Gunungkidul (DIY), INAMEDIA.id – Nyadran adalah sebuah tradisi ritual adat yang dilaksanakan oleh sebagian masyarakat Jawa yang didalam prosesinya dilakukan pada sebuah tempat atau lokasi yang di anggap sakral atau memiliki cerita sejarah bagi lingkungan masyarakat yang melaksanakannya.
Seperti halnya, tradisi adat Nyadran Semilir, yang dilaksanakan oleh sebagian masyarakat Padukuhan Pringombo, Kalurahan Natah Kapanewon Nglipar, Gunungkidul. Mereka mengadakan adat tradisi tersebut di sebuah tempat yang dianggap memiliki sejarah peradaban yang tinggi yaitu di area pasarean (Makam) Eyang Purbo Kusumo, Eyang Purbo Sejati yang merupakan putra dari Pangeran Mangkubumi ke V pada sekitar tahun 1468 M dan makam Syech Ibrahim yang hidup di sekitaran tahun 1755 M (dikutip dari keterangan Narasumber Suparyanto).

Menariknya, prosesi adat tradisi nyadran tersebut dilaksanakan diarea pemakaman yang berada di sebuah bukit berketinggian 780 meter diatas permukaan laut (MDPL), sebuah bukit tertinggi di Gunungkidul kedua setelah bukit Embung Batara Sriten yang berada di Kalurahan Pilangrejo, Kapanewon Nglipar.

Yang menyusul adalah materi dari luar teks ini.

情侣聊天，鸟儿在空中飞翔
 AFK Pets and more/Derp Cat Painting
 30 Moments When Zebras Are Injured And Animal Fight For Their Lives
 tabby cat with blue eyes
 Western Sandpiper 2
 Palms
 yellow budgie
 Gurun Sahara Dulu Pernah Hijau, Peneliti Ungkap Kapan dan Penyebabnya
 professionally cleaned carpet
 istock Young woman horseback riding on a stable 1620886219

Menurut keterangan sesepuh adat diwilayah tersebut Simbah Wasiman (70), bahwa tradisi yang sudah masuk generasi kelima pergantian juru kunci tersebut dilakukan rutin setiap setahun sekali setiap hari Senin Legi rata rata pada bulan Besar (tahun jawa) dan harus dilaksanakan setelah warga masyarakat menyelesaikan aktivitas pertanian panen ke dua. Selain itu, nyadran yang dilaksanakan, kata Mbah Wasiman, merupakan rangkaian acara bersih dusun (Rasulan) yang rutin dilaksanakan pada setiap tahunnya.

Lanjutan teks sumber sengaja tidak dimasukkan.